Overall, zeroing memory after use is a defence-in-depth strategy. The attacker shouldn't be able to read your memory in the first place, but if they do, zeroing reduces the risk they'll find anything important. The risk will always exist, as the data will be in memory during the processing.

So as a summary:

• Zeroing is useful in GC languages, though slightly less effective as in non-GC languages.
• Compiler optimizations can accidentally remove zeroing instructions.
• Zeroing is about reducing the risk of finding secret data in RAM, but the risk can never be fully eliminated.

Answer 3

A language using GC is a red herring. What is desirable is control of critical memory but not necessarily allocation/deallocation. This is not at odds with GC.

Since you mention Python, there are two important features of GC languages to point out with practical examples.

• GC does not fundamentally conflict with prompt memory deallocation. The reference implementation CPython uses reference counting as the default memory management strategy and GC only as a fallback for cyclic data. This means that primitive data - such as strings and bytes suitable to store sensitive data - is deallocated immediately after dropping all references.
• Allocation and deallocation are not the only means of handling memory. GC is only about the ownership of memory, not the content of it. This means that GC managed objects - such as mutable bytearray or others via memoryview - can allow explicitly changing, overwriting and destroying sensitive data in memory without violating invariants of the GC.

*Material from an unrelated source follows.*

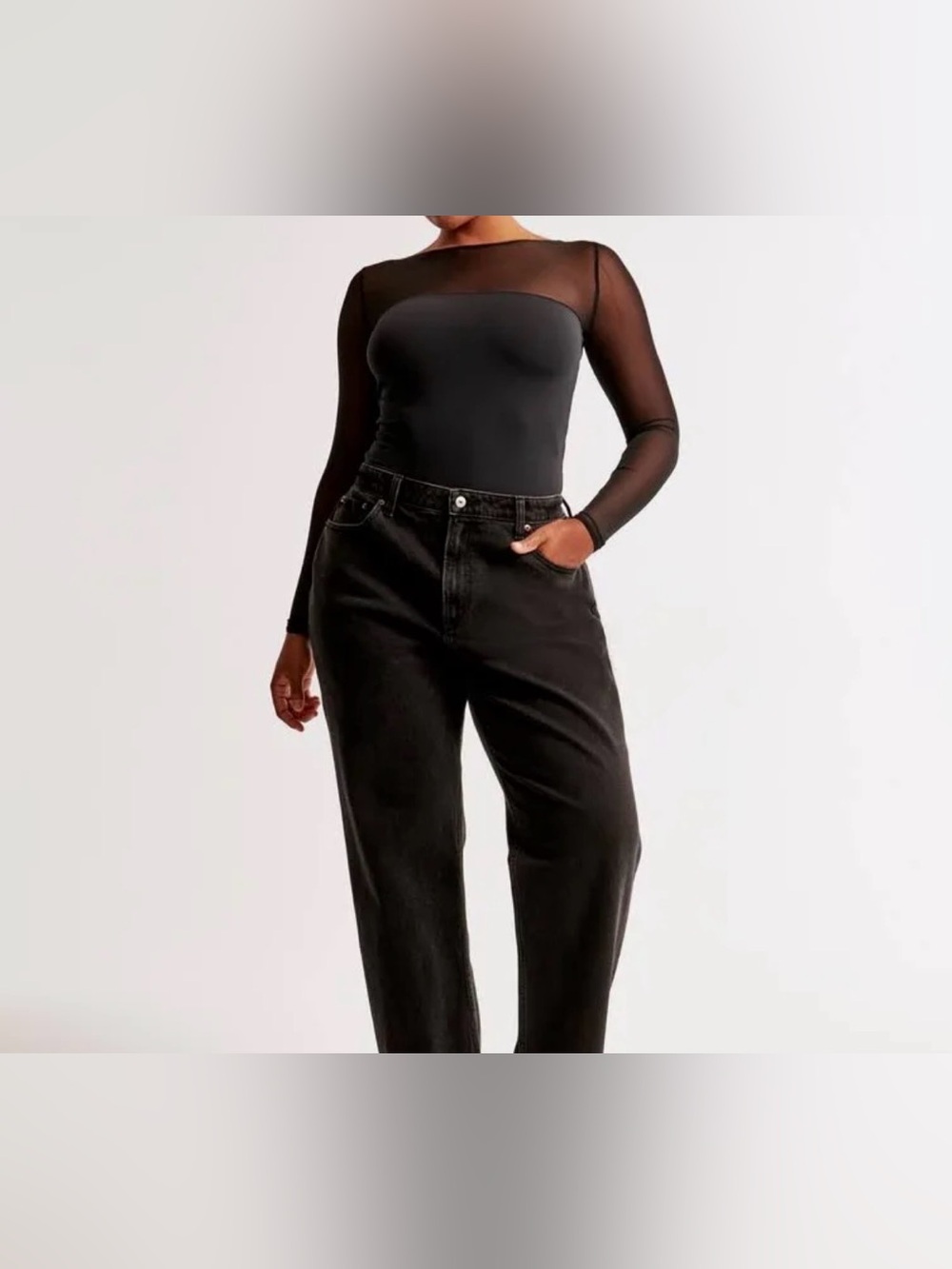 Abercrombie Long Sleeve Black Mesh Bodysuit - M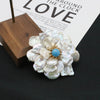 Women Fashion Freshwater Pearl Handmade Baroque Flower Brooch With Electroplating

At the end of the day, no matter what kind of language is used it is important to be aware of how sensitive data is handled by the language in practice. Security considerations go well beyond the simple, default memory management semantics of mainstream languages and need explicit handling in either memory model.

Answer 4

It's not exactly the GC, but the string. In languages where strings are immutable you can't overwrite them either. So writing password="" or password="notapassword" in Python, Java, and many others will leave previous content in the memory allocated, which then will get collected by the GC, but even then the actual bytes will remain being intact (GC does not zero out memory it reclaims).

Sometimes people try things, like the built-in Console class in Java gives you an array of characters from readPassword(), so you can overwrite the contents after use:

public char[] readPassword()

And then many password hashing functions really support character arrays.

GUI stuff in Java varies, like AWT has its generic text input support an echo character, gives you a String, Swing can get you both String and character array (a question is what it does/stores internally), and then JavaFX is again a text input with minimal changes.

It also matters what you're worried about exactly. By the time high-level language code gets a password, it has been to quite many places, starting with the device drivers that may have buffers internally and may not know you're reading a password at the moment, especially since one Alt-Tab ago keypresses went to a totally different application.

Answer 5

Overwriting memory is hard in any language.

The memory contents are typically not part of the contract of language constructs and functions. E.g. printf specifies it shows something on the console, but not whether that is also present in memory or not. The memory contents are not considered externally observable behavior, and programming languages often do not provide control over memory contents.

This is, of course, a problem for high-level programming languages that rely on garbage collection (such as python or java) since they make it very hard or even impossible to clear sensitive data from memory.

Back in 2016 I looked into whether it is possible to clear secrets from memory in Python, and came to the conclusion this is almost impossible.

In Java, a common pattern is to store secrets in a char array instead of in a String. This makes it possible to overwrite the char array, and thus clear the secret from memory.

There is an assumption in there, that the char array in Java is mapped one-to-one to memory. I am not sure this is specified somewhere, or an implementation detail. Perhaps a compliant JVM could exist that keeps the secret in memory after overwriting the char array.